Coho fishing has been pretty crazy with huge quantities of beautiful chrome fish found throughout the grounds, particularly up topside between Green Point and Klashwun.  The sizes are still very mixed but we are seeing some of those awesome 15-18 pound Northerns on the dock every night.  It’s worth noting that we’re also seeing well above average numbers of sockeye at the lodge this month, maybe something to do with the huge projections for the Fraser this year!

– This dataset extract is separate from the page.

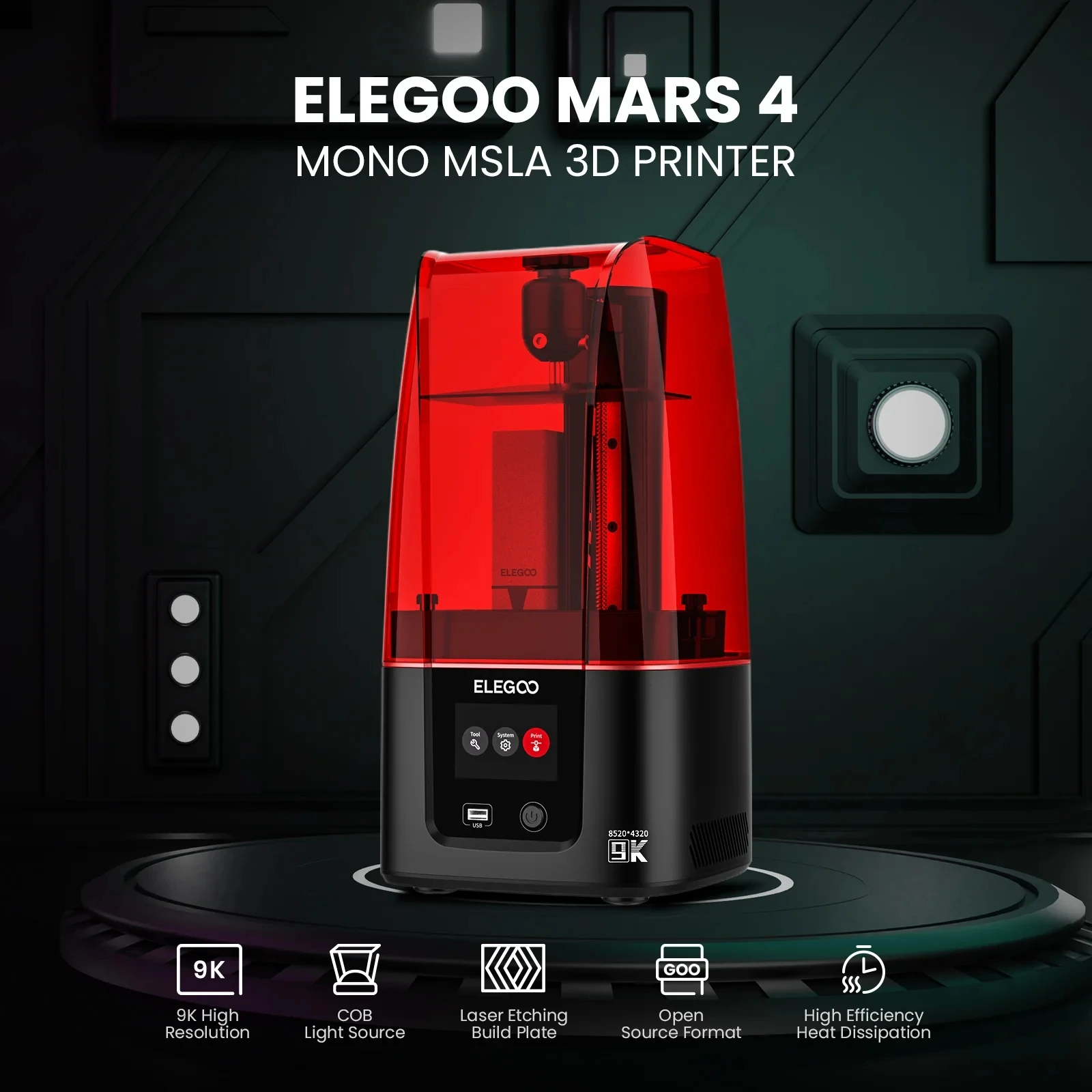 Elegoo Wholesale Mars 4 9K  LCD 3D Printer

Our awesome halibut fishing is still the big story of the summer with lodge guests catching / reporting way more larger-sized halibut than we’ve ever had before.  A new approach to halibut fishing at the lodge is providing lots of excitement and very happy anglers at the Bell Ringer in the evening!  Perhaps most notable are the number of 100 lb. plus fishing being released.  Dale Johnson taped out 2 giants last week, a 107 and a 124 with guide Emmo Scharnberg – way to go guys!  Larry Schultz turned back a 105 with Lucas Grayson and Murray Olson battled a huge fish to the side of Nick Mercer’s Grady White where they measured it out to score 220 pounds!  That’s 4 fish over 200 this summer!  Amazing fish!  On the keeper side, Breauna Hatecke’s 60 pounder was one of many super fish to come to the Bell Ringer this week!   Well done!

Heading into the Labour Day weekend, traditionally the final trip of the season, we expect the weather to switch to moderate southerlies, retaining the nice calm seas we’ve enjoyed but switching to liquid sunshine rather than the nice warm stuff we’ve gotten quite accustomed to lately!  Moderate tides with changes in the 8-12 foot range should help keep the action pretty steady throughout the day!  Fingers crossed for a big finish to an excellent season!

Halibut heaven at QCL!


August 21, 2014 Duane Foerter0

As we run headlong into the final two weeks of the season the fishing action continues to bring lodge guests back to the dock with big smiles on their faces, almost every day.  There are still lulls through the day but for the most part we’re busy catching fish!  Chinook catches this past week have moved offshore a little, the drift from Shag Rock down to Cape Naden in 130-150 feet of water has been quite productive.  Fishing down 65-95 feet with either herring or anchovy, this stretch accounts for a lot of fish, mainly in the 18-25 pound class.  Fishing anything shallower yields Coho and pink salmon in considerable numbers!  Likewise offshore on the north side, off Green Point to Klashwun, is very productive for Chinooks and Cohos alike.  The Tyee is count is down a bit this week but the salmon volume is definitely there!  Big salmon catches this week include a 39 lb. Tyee release for Conrad Huber, edged out of the money by brother Willy with a 45 pounder that he sent back as well!  Brother Gerhart released a 32 for third place! Great job guys!  Glad you keep that family C&R tradition alive!  Out on the DW Kevin Wurmlinger boated 42 and 39 pound Chinooks – huge success!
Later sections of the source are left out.